A part of Cone Denim, the White Oak plant ended its 112-year run of continuous production in Greensboro in December 2017. International Textile Group Inc., the then-parent company of Cone, said that despite efforts to manage changes in the market, the demand for White Oak selvedge had significantly decreased as customers had transitioned more of their fabric sourcing outside the U.S. ITG said the plant’s large size provided more capacity than was needed resulting in a significantly higher manufacturing cost that could not be supported.

Opened in 1905 by brothers Moses and Ceasar Cone, White Oak in Greensboro, N.C. became the largest denim mill in the world occupying more than a million square feet. By 1910, it was supplying a third of the world’s denim demand. Between 1915 and 1970, the lion’s share of denim produced for Levi Strauss & Co. was made there. It’s selvedge denim made on Draper X-3 looms became blue gold.

An image from “American Denim.”

Courtesy

Part of White Oak’s legacy is the deal Cone struck with Levi’s in 1915, which gave the brand exclusive rights to its XX 501 selvedge fabric produced at White Oak. “There are many brands that have significance — Wrangler, Lee, Blue Bell — in the denim space. But I think there’s been a huge hat tip to Levi’s for over 100 years for being the original, at least in the commercial eyes of the world for denim globally,” Sharkey said.

For denim brands emerging in the ’90s and 2000s, using White Oak denim became a way to tap into the legacy of the U.S. textile industry and align themselves with Levi’s storied origins. Incorporating White Oak selvedge signaled a dedication to craftsmanship, authenticity and heritage. For consumers, wearing it wasn’t just about quality — it was a subtle badge of clout. While Levi’s remained the number-one customer of White Oak selvedge until its closure, the plant produced large volumes for small brands like Tellason and Raleigh Denim.

Whereas other manufacturers of the same size and in the same categories have focused more on production and less on marketing and media, Sharkey said White Oak was keenly aware of its significance. 

“To White Oak’s credit, they did a good job of telling their story and connecting their cloth to cultural moments in music and art,” Sharkey said. “They allowed the spotlight and told this great American textile town story where every house around that factory was owned by Cone, and everybody who lived there worked there. It is an incredible story that ran for a very long time and is the legacy of multigenerational families that work there as well. I think a big part of their storytelling, and their ability to capture that story, is to let others tell it and share it.”  

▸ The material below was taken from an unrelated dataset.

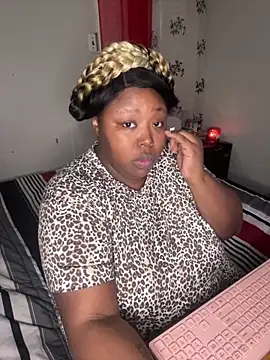 Chocolatebunnyxx96 online show from 03.12.26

An image from “American Denim.”

Courtesy

Sharkey revisited the empty and vacated facility in February 2018 and again in 2022 to document how Evan Morrison continues White Oak’s tradition of producing selvedge denim on old Draper X-3 looms. The co-owner of Hudson’s Hill, a Greensboro-based American general store, helped formalize the establishment of White Oak Legacy Foundation in 2020. The following year, he built the production arm of the nonprofit organization, which has since spun off, and begun weaving narrow shuttle denim on Draper X-3 looms at the White Oak plant under the name Proximity Manufacturing Co. The name is a nod to Proximity Cotton Mills, the first denim mill founded by the Cone brothers in 1895.

Sharkey’s first visit to White Oak was in 2016 when he directed a commercial for Portland, Ore.-based Chrome Industries. The performance apparel and accessory brand was using the mill’s Dyneema fabrics. That fall, he opened Bleacher Critic, a retail store in Petaluma, Calif., with a strong focus on “Made in USA” brands like Tellason Denim, the selvedge denim brand that produces jeans in San Francisco. “We knew that we weren’t going to be 100 percent ‘Made in USA’ because the price threshold for that would not reach our customer. But we wanted to be a store in our community and help people on price per wear and all those things,” he said.

Through his “Made in USA” network, Sharkey caught wind in the summer of 2017 that there was a strong possibility that then-owner Platinum Equity was planning to close White Oak. Sharkey got in touch with the people he had worked with on that shoot in early 2016 and told them, “I’ve heard through the grapevine that you guys are going to close White Oak. This place is such an important part of both global and American textile history, and I’d like to come and photograph the factory while it’s still operating.”

An image from “American Denim.”

ITG followed up in the fall, requiring photographers to send in proposals for submission. The company planned to choose one local photographer and one nonlocal photographer to photograph the plant’s final days. Sharkey was selected as the nonlocal. During the second week of December 2017, he was escorted around the White Oak property to photograph the facility and some employees.

Sharkey recalls being struck by the unexpectedly uplifting atmosphere at White Oak during that time — something he found difficult to fully comprehend. “I would have expected the employees to be so much more crushed knowing that a week after I was taking photos, the looms would be silent and the electricity would be turned off,” he said. “Everybody I talked to was still very jovial about their experiences there, and happy to share their story.”

Sharkey recalls meeting with Frank, a weaver at White Oak for 61 years and his ambivalence about the day. “He had on his jumpsuit just like any other day at work.…Punching in, punching out,” Sharkey said. “Maybe the workers were just trying to go about their work week and process the closure later. Everyone was kind, thoughtful and respectful, but there was a part of me also wanting to soak it up because knew the gravity of the moment.”

Sharkey edited 900-plus images to 200 images for the book. He chose to use a film camera, embracing an analogue process that mirrors the traditional craftsmanship of Draper X-3 looms. Sharkey said the book serves not only as a photo essay on White Oak’s role in building the U.S. denim industry, but also as a reminder of the urgency to maintain the country’s denim expertise and know-how.

“Right now, we still have a population that can respond, and there are enough people that are still relatively young enough to teach younger generations,” he said. “If companies get behind this ‘Made in USA’ movement, there’s still like some easy resources to tap, whereas if they wait another 30 or 40 years, a lot of this institutional knowledge is gone, and it would have to be entirely rethought, if not entirely robotic by then.”